> _WHAT THE TASK ASKS_:
Could you find each line of the data below that contains the word "Shirt" and copy those lines?

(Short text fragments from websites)
──────────

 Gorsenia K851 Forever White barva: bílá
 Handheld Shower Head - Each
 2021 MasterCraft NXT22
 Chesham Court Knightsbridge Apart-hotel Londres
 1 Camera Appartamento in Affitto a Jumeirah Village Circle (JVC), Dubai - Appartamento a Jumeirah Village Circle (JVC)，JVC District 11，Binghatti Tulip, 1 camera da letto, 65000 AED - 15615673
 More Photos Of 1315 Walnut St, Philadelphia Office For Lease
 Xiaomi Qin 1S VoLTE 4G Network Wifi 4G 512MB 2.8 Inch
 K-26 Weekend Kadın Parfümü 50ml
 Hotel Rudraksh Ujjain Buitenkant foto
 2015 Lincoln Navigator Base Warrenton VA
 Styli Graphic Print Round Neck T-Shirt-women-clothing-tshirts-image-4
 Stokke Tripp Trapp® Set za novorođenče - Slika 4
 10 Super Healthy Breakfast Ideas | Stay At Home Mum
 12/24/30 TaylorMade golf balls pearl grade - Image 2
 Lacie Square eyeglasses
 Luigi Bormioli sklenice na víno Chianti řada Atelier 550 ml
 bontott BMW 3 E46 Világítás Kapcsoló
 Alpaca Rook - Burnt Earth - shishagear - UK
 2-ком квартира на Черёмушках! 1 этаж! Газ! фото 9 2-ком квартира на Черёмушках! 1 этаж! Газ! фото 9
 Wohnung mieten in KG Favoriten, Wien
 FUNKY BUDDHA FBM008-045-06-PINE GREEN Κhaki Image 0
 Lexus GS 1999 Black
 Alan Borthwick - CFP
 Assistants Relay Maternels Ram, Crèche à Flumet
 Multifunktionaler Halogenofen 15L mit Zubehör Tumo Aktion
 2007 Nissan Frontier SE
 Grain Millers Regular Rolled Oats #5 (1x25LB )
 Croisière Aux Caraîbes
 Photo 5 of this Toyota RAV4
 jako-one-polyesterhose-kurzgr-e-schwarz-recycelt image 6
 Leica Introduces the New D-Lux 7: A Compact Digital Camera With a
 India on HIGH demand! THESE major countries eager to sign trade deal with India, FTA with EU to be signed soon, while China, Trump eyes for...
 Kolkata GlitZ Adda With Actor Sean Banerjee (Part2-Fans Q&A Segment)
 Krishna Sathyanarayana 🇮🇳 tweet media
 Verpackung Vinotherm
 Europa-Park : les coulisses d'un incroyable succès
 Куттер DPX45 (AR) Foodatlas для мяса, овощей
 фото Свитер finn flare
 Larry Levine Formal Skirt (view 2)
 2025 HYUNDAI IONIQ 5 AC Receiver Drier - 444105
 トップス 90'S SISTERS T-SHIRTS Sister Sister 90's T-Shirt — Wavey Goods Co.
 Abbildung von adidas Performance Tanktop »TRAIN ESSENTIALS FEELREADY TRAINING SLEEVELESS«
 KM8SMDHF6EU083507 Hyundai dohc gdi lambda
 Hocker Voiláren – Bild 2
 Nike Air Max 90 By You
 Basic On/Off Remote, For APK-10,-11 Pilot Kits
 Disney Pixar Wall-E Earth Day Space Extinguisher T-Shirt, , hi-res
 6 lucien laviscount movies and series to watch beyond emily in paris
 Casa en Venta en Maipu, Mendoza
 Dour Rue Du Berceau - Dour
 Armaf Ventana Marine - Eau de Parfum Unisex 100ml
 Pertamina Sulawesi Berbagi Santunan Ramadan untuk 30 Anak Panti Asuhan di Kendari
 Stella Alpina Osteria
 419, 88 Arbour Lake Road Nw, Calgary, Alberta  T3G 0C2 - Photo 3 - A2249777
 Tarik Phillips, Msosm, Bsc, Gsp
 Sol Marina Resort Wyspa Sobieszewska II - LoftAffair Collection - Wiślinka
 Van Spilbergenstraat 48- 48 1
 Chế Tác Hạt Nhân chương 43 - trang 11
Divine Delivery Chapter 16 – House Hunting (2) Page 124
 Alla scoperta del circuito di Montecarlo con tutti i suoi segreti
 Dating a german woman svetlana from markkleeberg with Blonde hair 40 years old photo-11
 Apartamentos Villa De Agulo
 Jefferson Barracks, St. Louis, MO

──────────

> _YOUR SOLUTION_:
 Styli Graphic Print Round Neck T-Shirt-women-clothing-tshirts-image-4
 トップス 90'S SISTERS T-SHIRTS Sister Sister 90's T-Shirt — Wavey Goods Co.
 Disney Pixar Wall-E Earth Day Space Extinguisher T-Shirt, , hi-res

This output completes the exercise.